**Exercise directions**. What you return must match the records exactly, except that the pictures are gone.

Stored entries:

===============

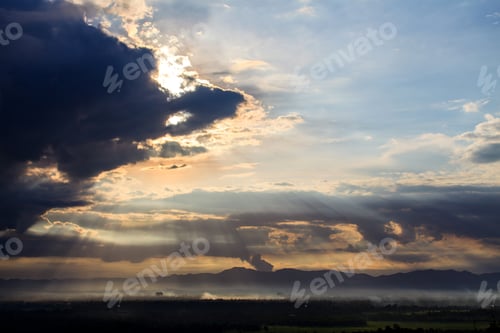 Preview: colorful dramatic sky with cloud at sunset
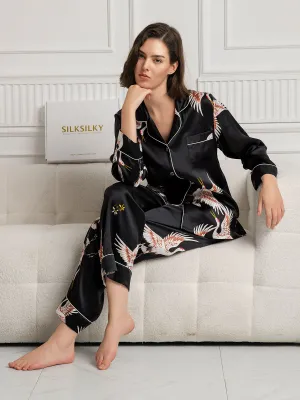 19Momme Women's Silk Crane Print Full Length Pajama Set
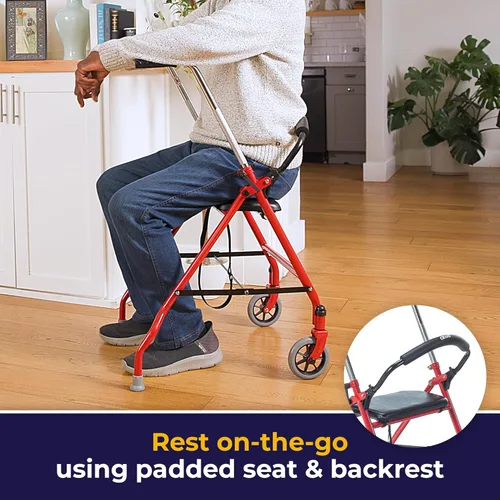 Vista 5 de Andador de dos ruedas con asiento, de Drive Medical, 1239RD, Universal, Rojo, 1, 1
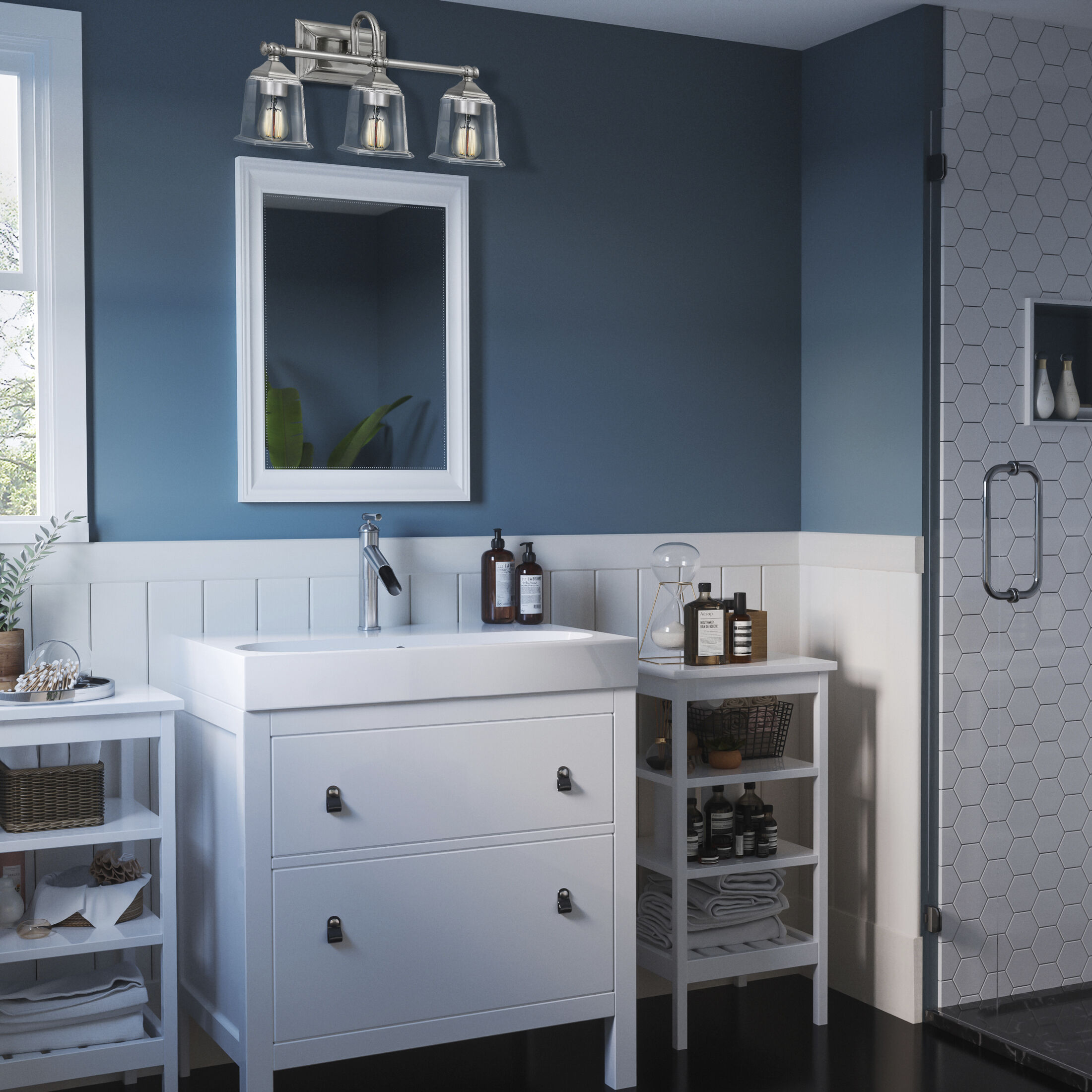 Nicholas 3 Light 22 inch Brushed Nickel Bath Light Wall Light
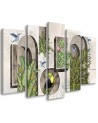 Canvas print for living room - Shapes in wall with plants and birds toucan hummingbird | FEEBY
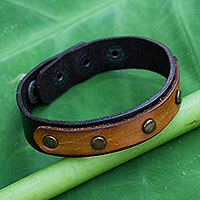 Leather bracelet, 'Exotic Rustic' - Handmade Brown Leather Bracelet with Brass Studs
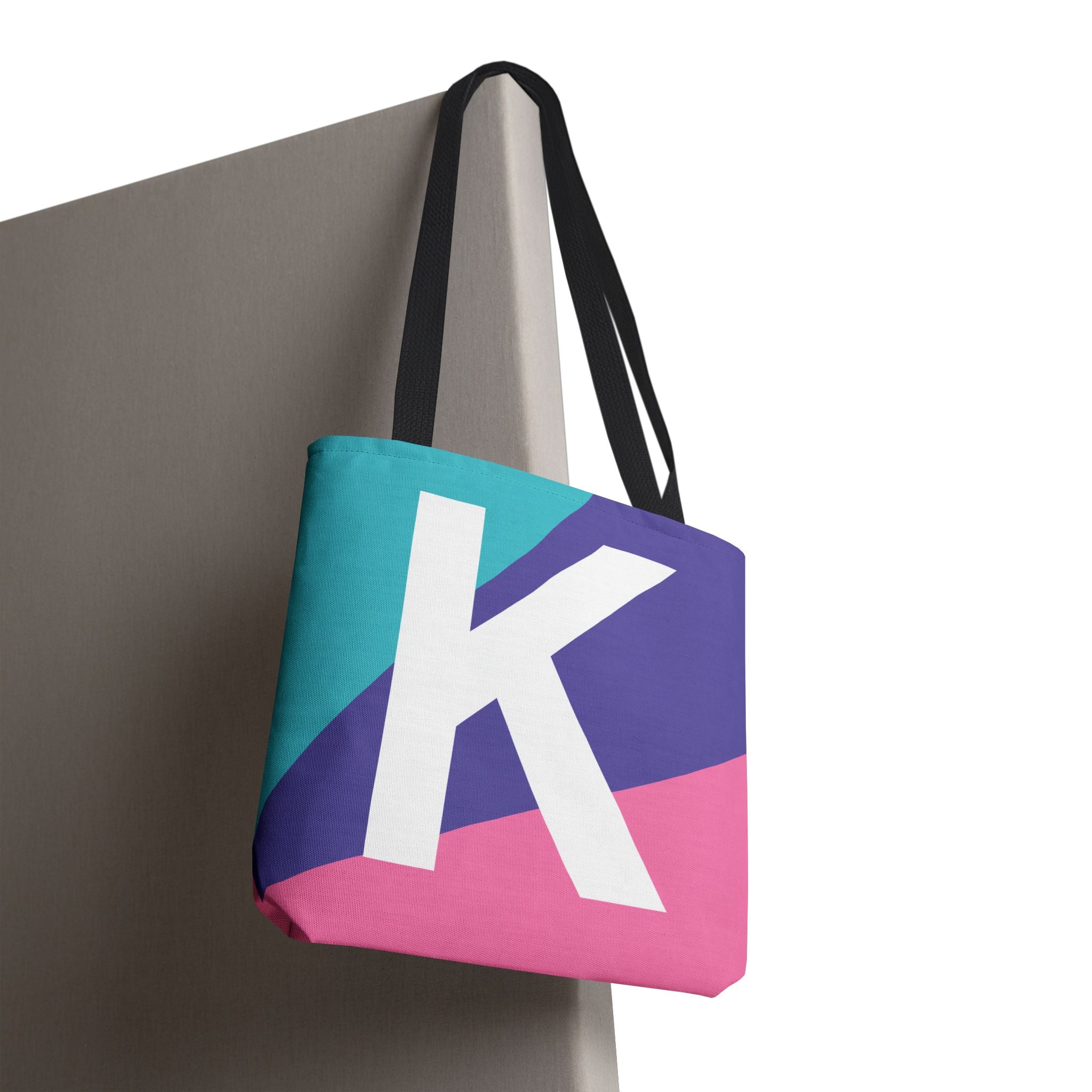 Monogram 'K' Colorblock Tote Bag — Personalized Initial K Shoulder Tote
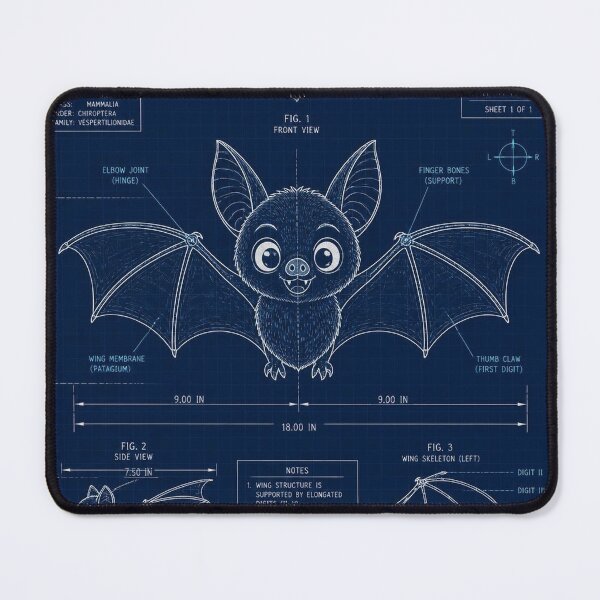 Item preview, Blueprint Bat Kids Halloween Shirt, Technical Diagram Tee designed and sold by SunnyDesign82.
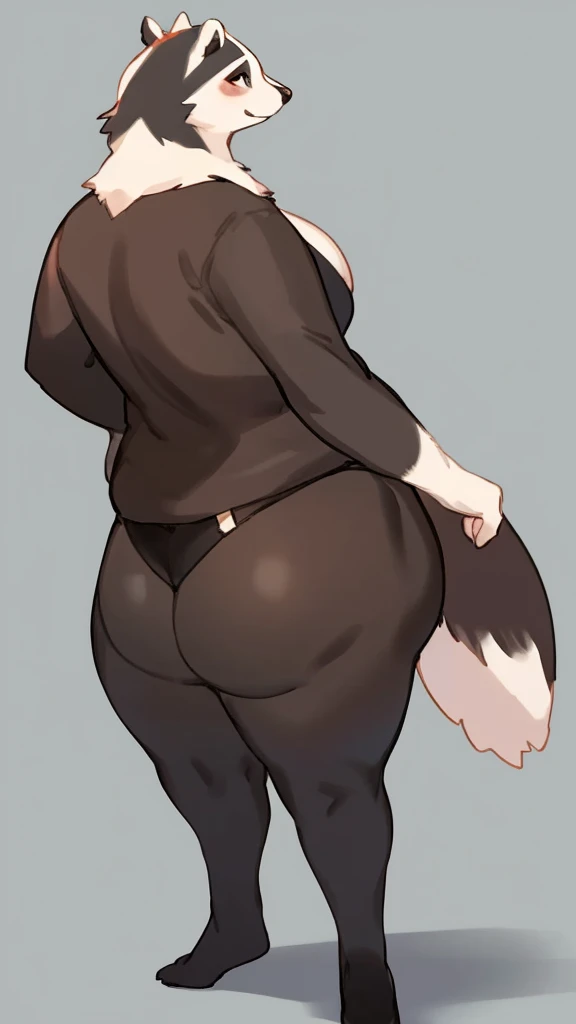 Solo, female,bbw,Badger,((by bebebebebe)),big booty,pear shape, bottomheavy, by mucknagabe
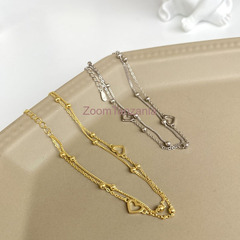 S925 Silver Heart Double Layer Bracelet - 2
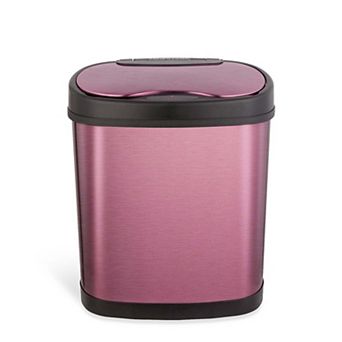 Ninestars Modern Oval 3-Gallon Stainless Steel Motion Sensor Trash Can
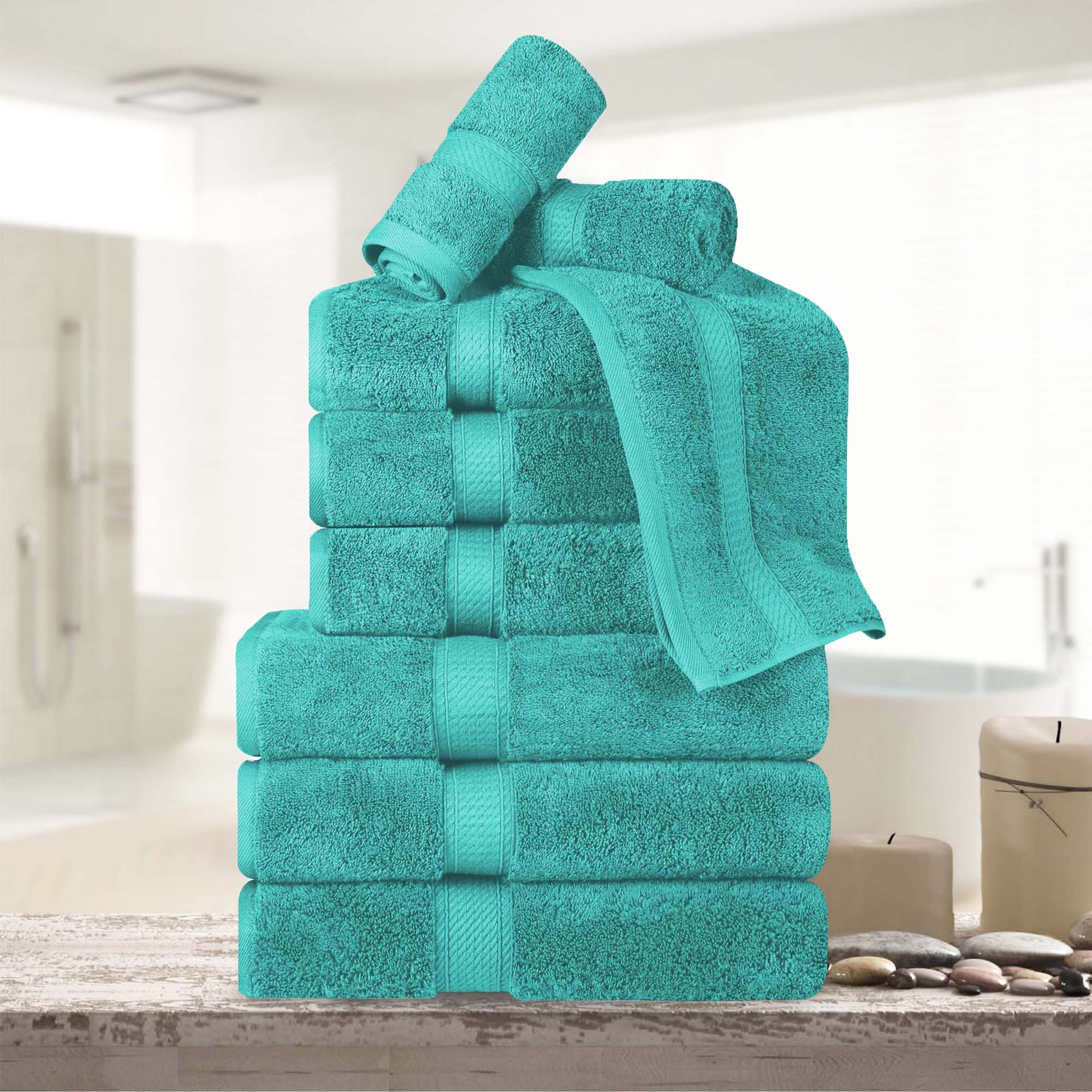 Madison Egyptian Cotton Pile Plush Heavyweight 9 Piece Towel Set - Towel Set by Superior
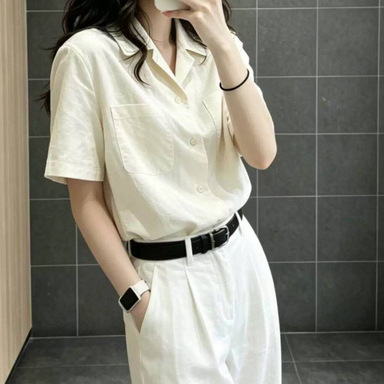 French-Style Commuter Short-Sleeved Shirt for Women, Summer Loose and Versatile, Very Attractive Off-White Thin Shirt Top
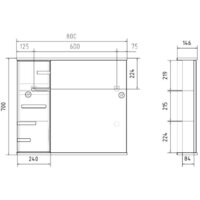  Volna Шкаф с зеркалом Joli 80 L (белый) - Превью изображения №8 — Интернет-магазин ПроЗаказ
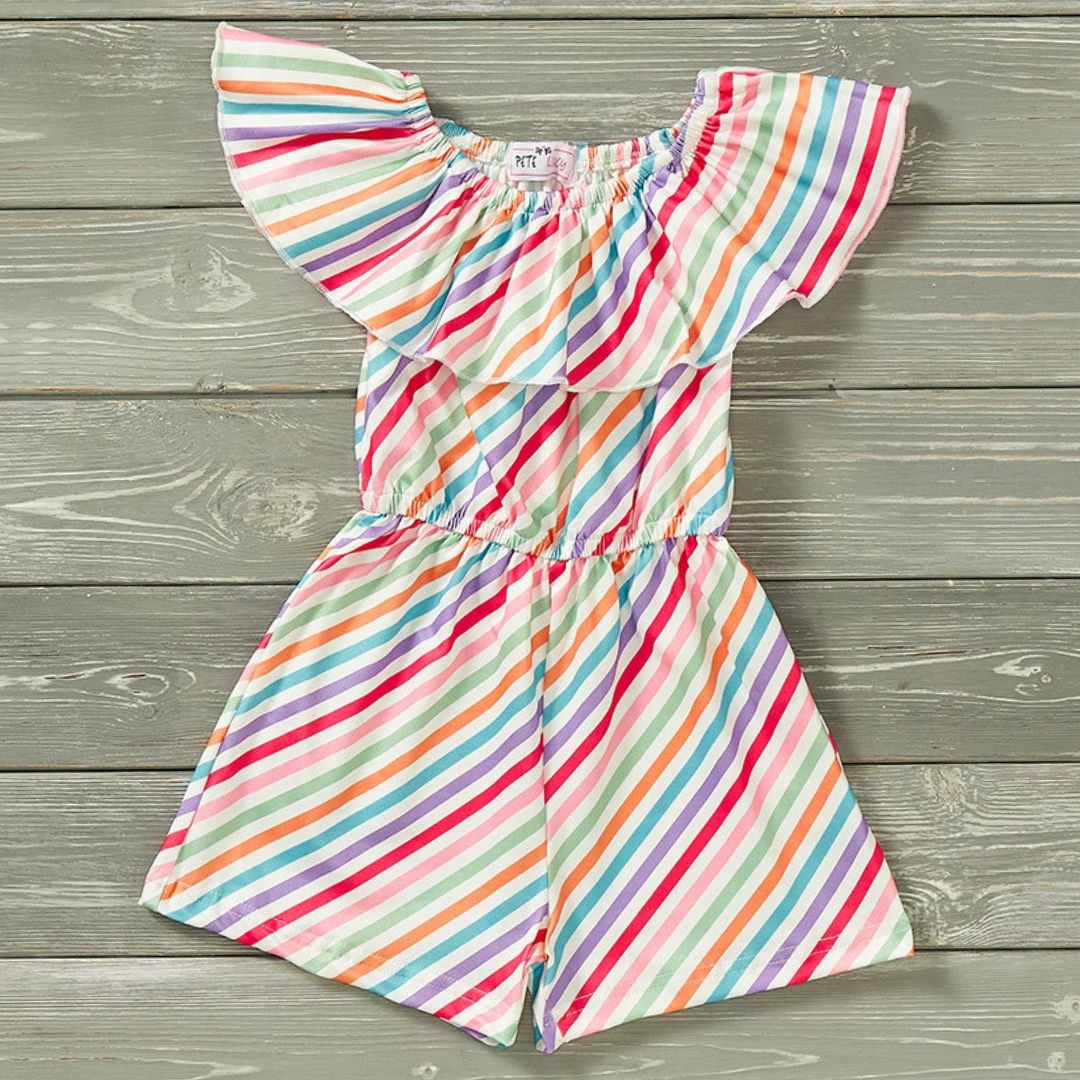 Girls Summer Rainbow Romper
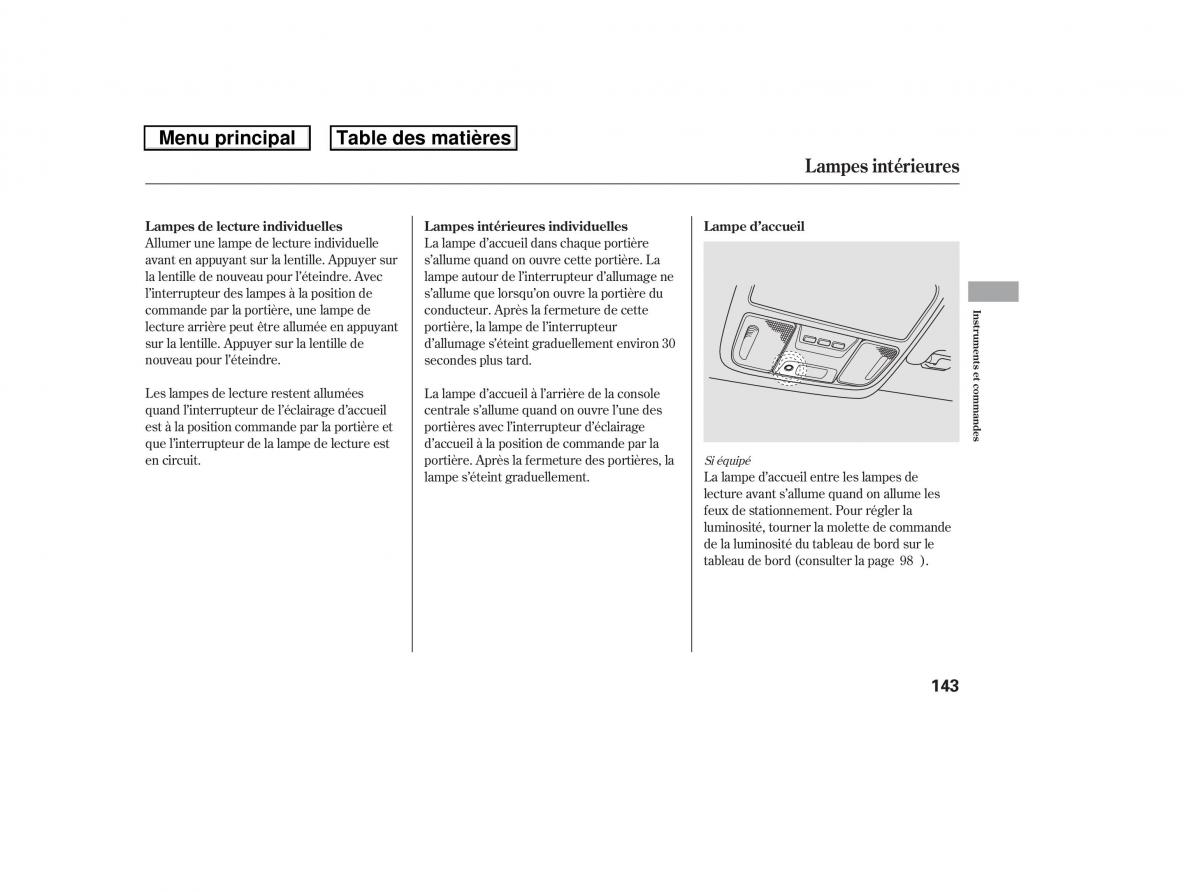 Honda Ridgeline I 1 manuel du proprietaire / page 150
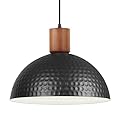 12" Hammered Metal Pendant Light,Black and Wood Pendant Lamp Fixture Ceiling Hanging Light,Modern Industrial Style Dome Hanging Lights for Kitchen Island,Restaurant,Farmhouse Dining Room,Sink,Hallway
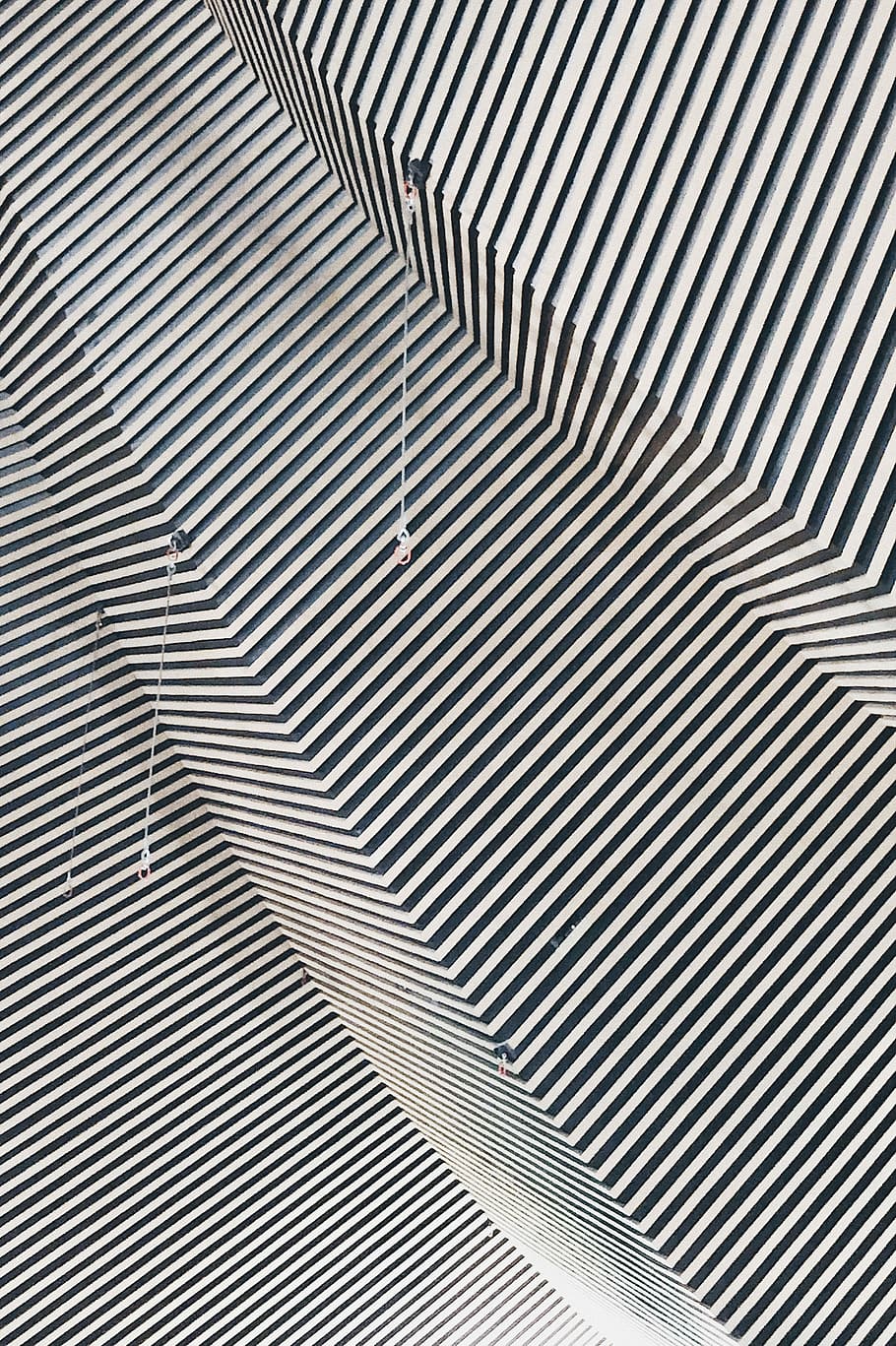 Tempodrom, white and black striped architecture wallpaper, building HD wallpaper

===============

**Reply to the exercise**.
 Preview: colorful dramatic sky with cloud at sunset
 19Momme Women's Silk Crane Print Full Length Pajama Set
 Vista 5 de Andador de dos ruedas con asiento, de Drive Medical, 1239RD, Universal, Rojo, 1, 1
 Nicholas 3 Light 22 inch Brushed Nickel Bath Light Wall Light
 Canvas print for living room - Shapes in wall with plants and birds toucan hummingbird | FEEBY
 Leather bracelet, 'Exotic Rustic' - Handmade Brown Leather Bracelet with Brass Studs
 Monogram 'K' Colorblock Tote Bag — Personalized Initial K Shoulder Tote
 Item preview, Blueprint Bat Kids Halloween Shirt, Technical Diagram Tee designed and sold by SunnyDesign82.
 Solo, female,bbw,Badger,((by bebebebebe)),big booty,pear shape, bottomheavy, by mucknagabe
 S925 Silver Heart Double Layer Bracelet - 2
 Ninestars Modern Oval 3-Gallon Stainless Steel Motion Sensor Trash Can
 Madison Egyptian Cotton Pile Plush Heavyweight 9 Piece Towel Set - Towel Set by Superior
 French-Style Commuter Short-Sleeved Shirt for Women, Summer Loose and Versatile, Very Attractive Off-White Thin Shirt Top
  Volna Шкаф с зеркалом Joli 80 L (белый) - Превью изображения №8 — Интернет-магазин ПроЗаказ
 Girls Summer Rainbow Romper
 Honda Ridgeline I 1 manuel du proprietaire / page 150
 12" Hammered Metal Pendant Light,Black and Wood Pendant Lamp Fixture Ceiling Hanging Light,Modern Industrial Style Dome Hanging Lights for Kitchen Island,Restaurant,Farmhouse Dining Room,Sink,Hallway
 Tempodrom, white and black striped architecture wallpaper, building HD wallpaper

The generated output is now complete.